Many would argue that Du Bois’s work is one of the early examples of data viz activism (actually, people sometimes refer to this as “infographic activism” but I’ve renamed it to “data viz activism” to not confuse his work with a new form of infographic activism we see on social media now). 

Data viz activism is when data visualizations are used to spread awareness about social issues and encourage people to act in a way that will lead to social change. The hope is that these visualizations are a product of properly conducted analyses and thorough research. 

In a time of heightened misinformation, I highlight, underline, and bold this criterium to differentiate it from some of the hasty infographic activism we see spreading on social media created sometimes without strong supporting evidence. 

Why did Du Bois and his team choose data visualizations as their media?

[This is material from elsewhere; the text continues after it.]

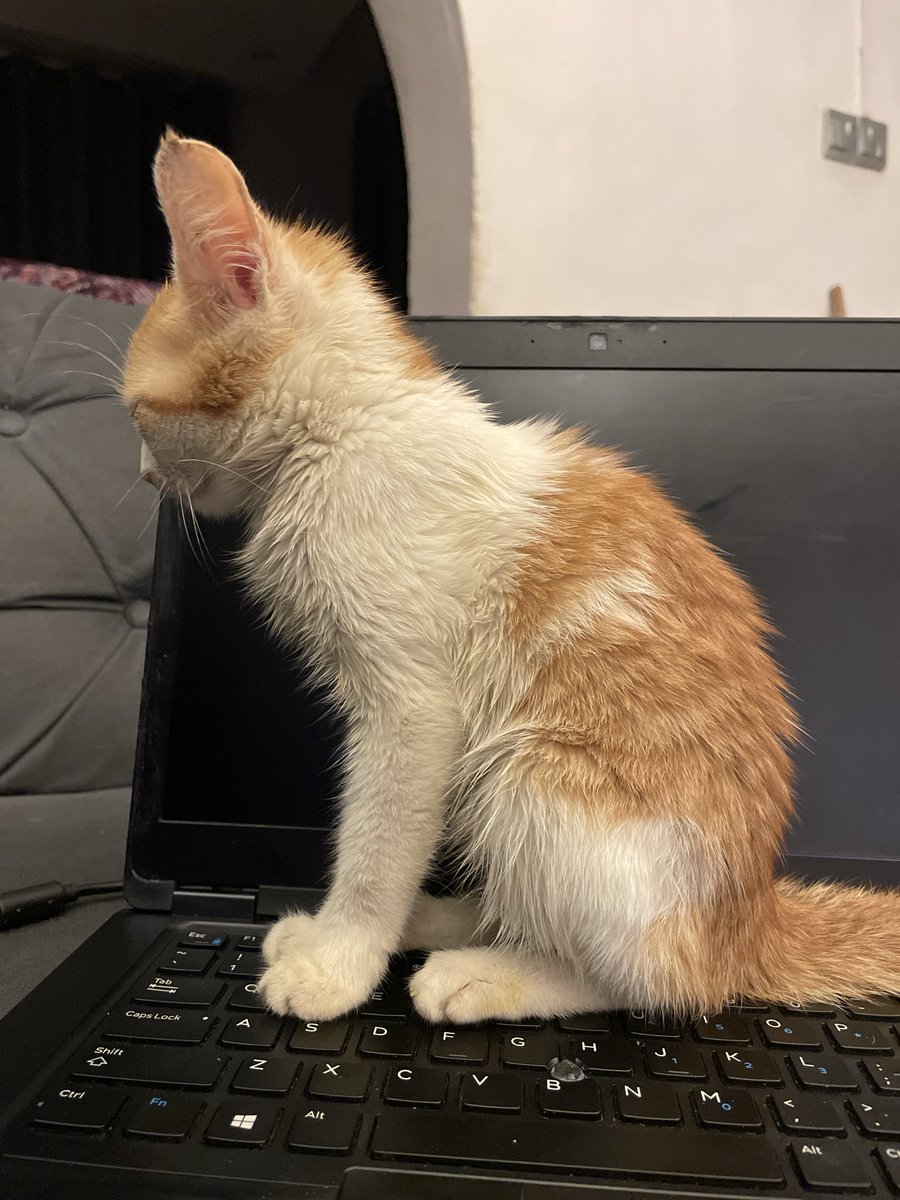 Ademihju's tweet photo. 😻 https://t.co/FIssSAscD0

Du Bois recognized the potential of data visualizations to illustrate and highlight the stories in their data, and that’s what he and his team sought out to do in a short amount of time for the Paris Exhibit in 1900.

Du Bois’s goal with these visualizations was to refute prevailing racist beliefs of that time, which were often based on unsupported evidence. He used his rigorous statistical and analytical training to tackle these unfounded beliefs using eye-catching data visualizations.

But they wanted their visualization to live beyond journals and articles that only academics, specialists ones at that, would read. They wanted the masses to see and understand this.

What topics did their data visualizations cover?

Du Bois sought to address some of the prevailing racist beliefs of his time (remember, he was living through the Jim Crow era and residing in Georgia at that time), such as:

  • African Americans are inferior in intellect, incapable of attaining material success. 
  • The African American population would decline and eventually lead to the extinction of this group.

He, however, believed that “The problem of the 20th century is the problem of the color line”, as opposed to some innate inferiority of African Americans. 

Some of Du Bois’s and his team’s visualizations used Georgia as an example, for several reasons:

  1. To add specificity to a national topic
  2. The state has a mix of both rural and urban communities
  3. They were located in Atlantia University

For instance, this one illustrated an increasing size of the African American population (to address the Black extinction theory):

A red bar chart showing increase in African American population in the US from 1750 to 1890. Going from 220,000 to over 7.4 million.

His team also found Black illiteracy rate declining, showing that Blacks are capable of being intellectually equal and superior:

A unique woven chart design showing decline in illiteracy rate amongst African Americans from 1860 of 99% to an estimate of 50% in 1900.

He also found data suggesting an increase in material ownership and other indicators of success amongst African Americans:

Two stacked bar charts one from 1860 showing 89% of African Americans as slaves and the second one showing percentage that are land owners.
Spiral graph showing increase in assessed value of household and kitchen furniture owned by Georgian African Americans.